Hollywood’s biggest movies of 2025 got whiter and more male right when the industry could arguably least afford it. A new UCLA analysis finds that the gains women and people of color had made in recent years slipped in some of the most powerful jobs in the business, even as diverse audiences kept showing up at the box office.
UCLA Spots Clear Backslide Across Key Jobs
The latest UCLA Hollywood Diversity Report, which examined 109 of the top English-language theatrical releases of 2025, found that people of color held only about 23% of lead roles and women made up roughly 37% of leads. Directors of color accounted for about 22% of directors, while women directed just over 10% of the top films. Women writers were the lone bright spot, edging up to roughly 27%, and actors with known disabilities saw only small increases. All of these figures come from data compiled and released in the UCLA Hollywood Diversity Report.
Researchers Sound The Alarm
Co-author Michael Tran warned that by failing to lean into diversity, studios are “leaving money on the table and losing their chance to draw people back to theaters.” Fellow co-author Jade Abston said the progress women had seen “disappeared.” UCLA leaders framed the downturn as a self-inflicted business problem for an industry that still relies heavily on younger, more diverse ticket buyers, according to coverage in the Los Angeles Times.
Data Ties Diverse Casts To Bigger Paydays
The report links representation to revenue in fairly blunt terms. Films whose casts were roughly 41% to 50% people of color had the highest median domestic and global box-office totals and tended to open more strongly than their less diverse counterparts. Horror titles led the pack in median return on investment. UCLA’s audience data also shows that moviegoers of color “over-indexed” as ticket buyers, often making up the majority of opening weekend audiences for several top films. Those economic patterns are a central takeaway of the UCLA Hollywood Diversity Report.
“Sinners” Breaks The Pattern
One film, Ryan Coogler’s Sinners, stood out in the study as a rare exception. The racially diverse horror hit was singled out as both a box-office and awards-season outlier, performing especially well with audiences of color and ultimately securing a record-setting slate of Academy Award nominations. For awards details, see coverage in the Associated Press.

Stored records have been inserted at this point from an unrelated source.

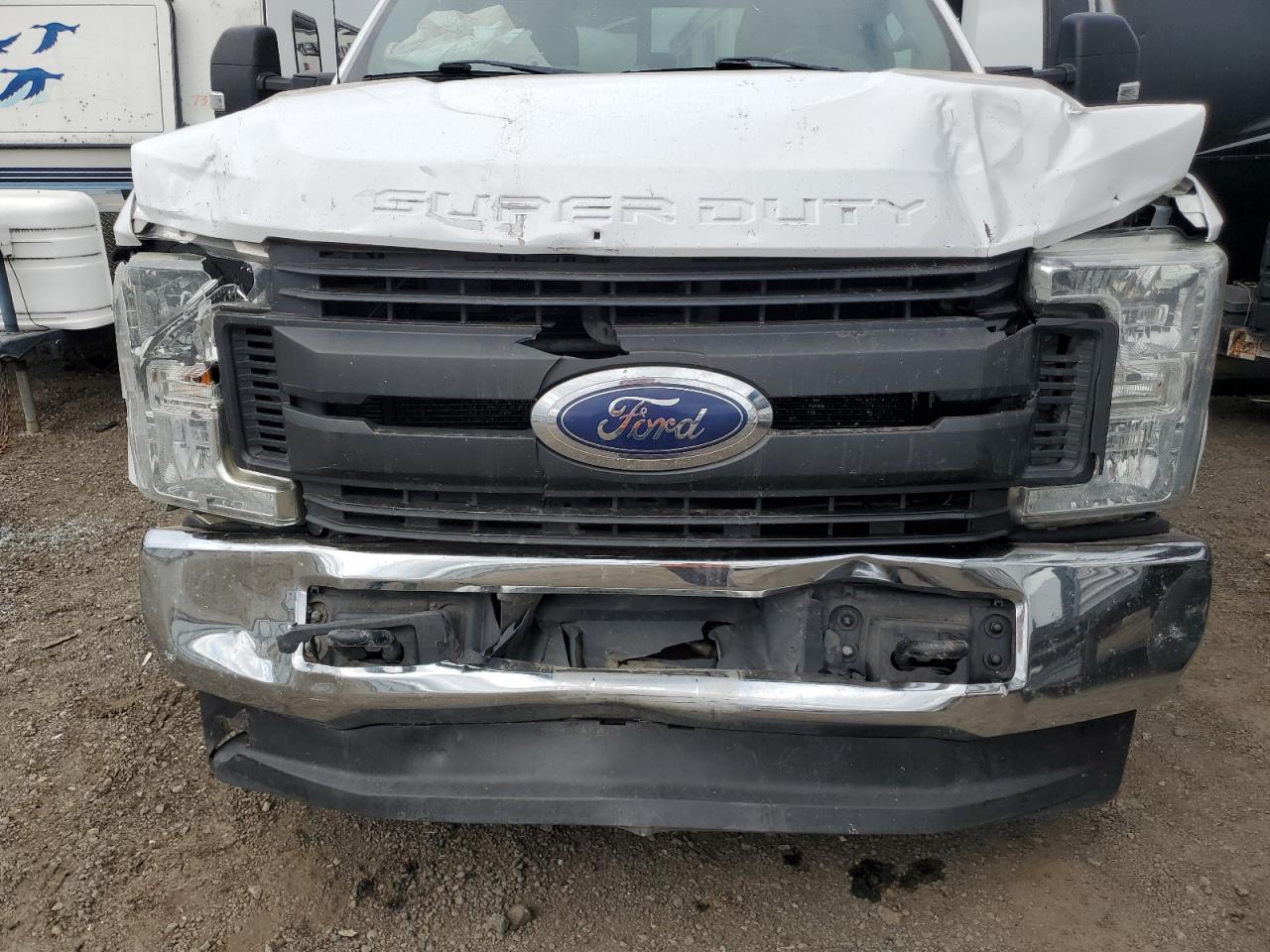 2017 Ford F350 VIN 1FT8W3BT6HEB71148 Copart auction photo, front end damage thumbnail 11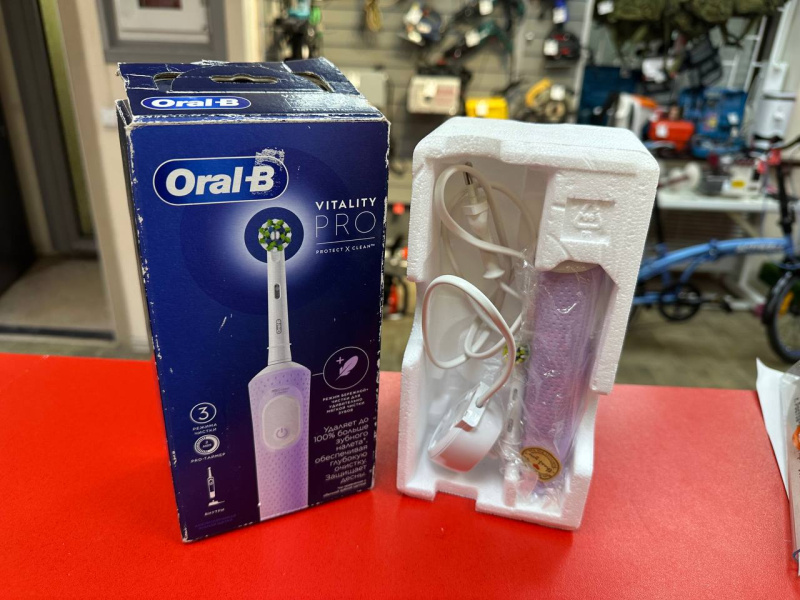 Зубная электрощётка Braun 100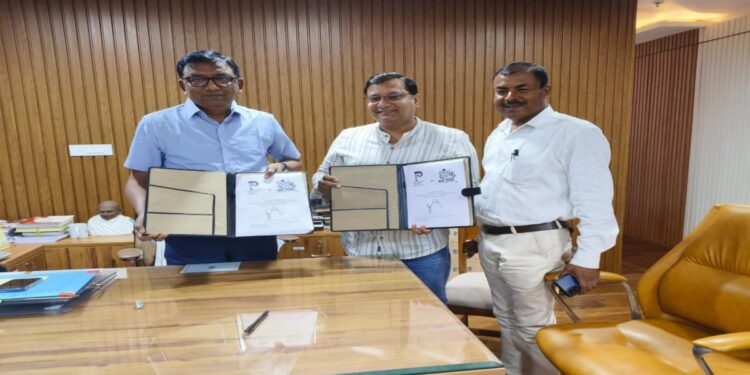 Bapu Tower Director Vinay Kumar and Planet Patna Director Dr Azfar Ahmed exchange an MoU in Patna to promote Mahatma Gandhi’s legacy, heritage education and Bihar’s cultural history.
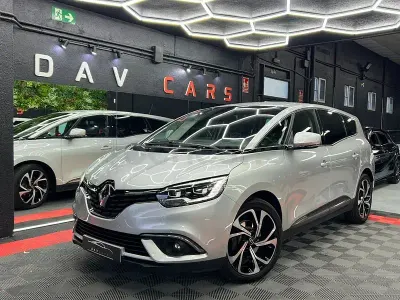 Usado Renault Grand Scénic IV Zen 120 CV (88 kW) 2019 Gris / plata Monovolumen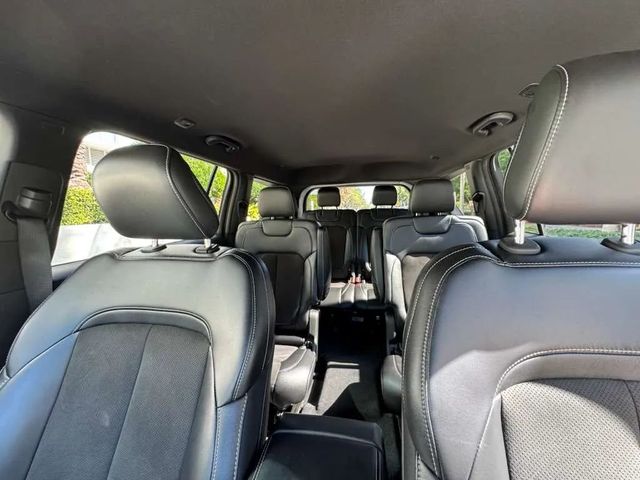 2023 Jeep Grand Cherokee L Altitude Sport Utility 4D - 22956017 - 35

What This Means For Hollywood
For studios and the broader Los Angeles economy that depends on them, UCLA’s findings read like both a warning flare and a business manual. The numbers line up representative casts, writers, and directors with stronger box-office outcomes. If studios treat inclusion as a luxury that can be cut when budgets get tight, they risk sidelining the very audiences most likely to keep buying tickets.